*** My Rebecca review and (very spoilery) article ***
“I wonder what she’s thinking about you – taking her husband, and using her name…”
Those tiny twitches when she meets the new Mrs de Winter for the first time, and the increasing nastiness as she regains her composure… the trailer looks sumptuous but I am already overwhelmed by Kristin Scott Thomas as Maxim de Winter’s housekeeper. She looks like a guard to the Underworld, here to protect her dead mistress from grave robbers and usurpers.

Maybe it’s an age thing but I now identify much more with her than either Rebecca or Mrs de Winter. In fact I recently discovered that Judith Anderson, who played Hitchcock’s Mrs Danvers, was six years younger than I am now.
Ben Wheatley’s new adaptation of Daphne Du Maurier’s classic 1938 novel arrives on Netflix next month – you can watch the trailer below.
A shy young girl marries Max de Winter, an older, wealthy Englishman she meets while working as a rich woman’s companion in Europe. He takes her back to Manderley, his English stately home; though once there she is haunted (not literally) by the presence of his late first wife, the beautiful, vicious and much-loved Rebecca. Maxim’s housekeeper Mrs Danvers adored Rebecca and despises the new and very green Mrs de Winter.

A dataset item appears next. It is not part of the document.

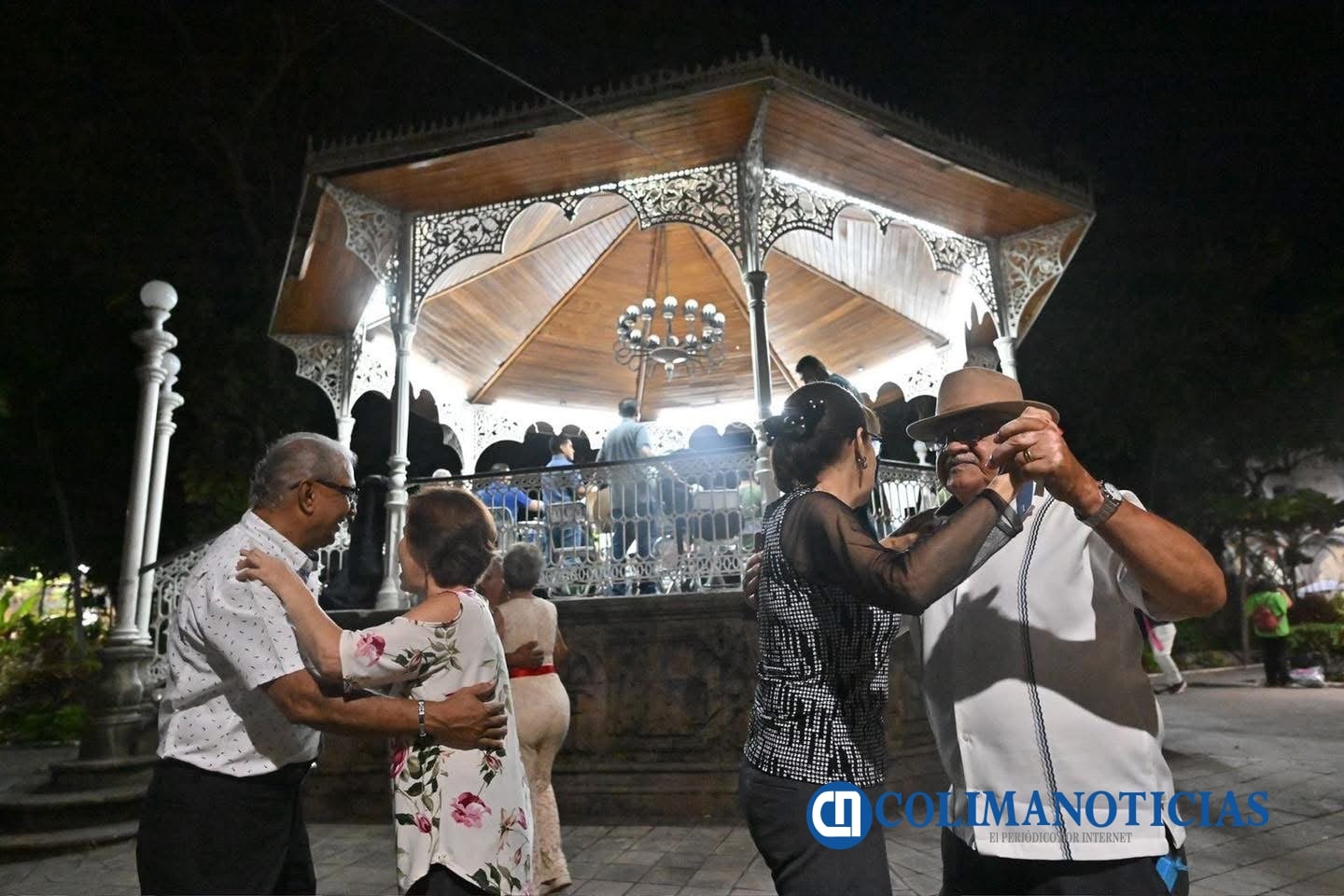 Gobierno de Indira Vizcaíno impulsa actividades artísticas gratuitas; invita a la temporada de danzón en Colima y La Villa
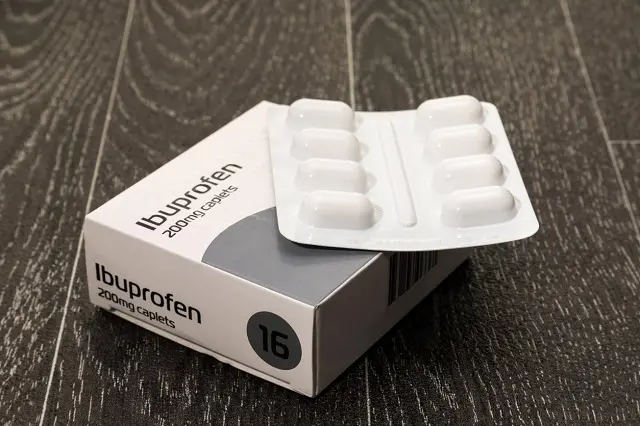 Ibuprofen khô khớp gối uống thuốc gì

In the book the narrator (and new Mrs de Winter – we never find out her name) is mousy and out of place, though Lily James seems rather self-possessed in this trailer. There’s also no Rebecca listed in the IMDB cast list, so presumably like Alfred Hitchcock’s 1940 film there are no flashbacks to her death and what led up to it. (Though Wheatley’s is definitely NOT a remake of the Hitchcock movie.)

“New” Rebecca is out in Netflix on 21 October, so we only have six weeks to wait before finding out if Mrs Danvers was in love with Rebecca, whether Lily James is an engaging heroine or we want Mrs D to persuade her to jump out of the window, and why Maxim is wearing that hideous mustard suit.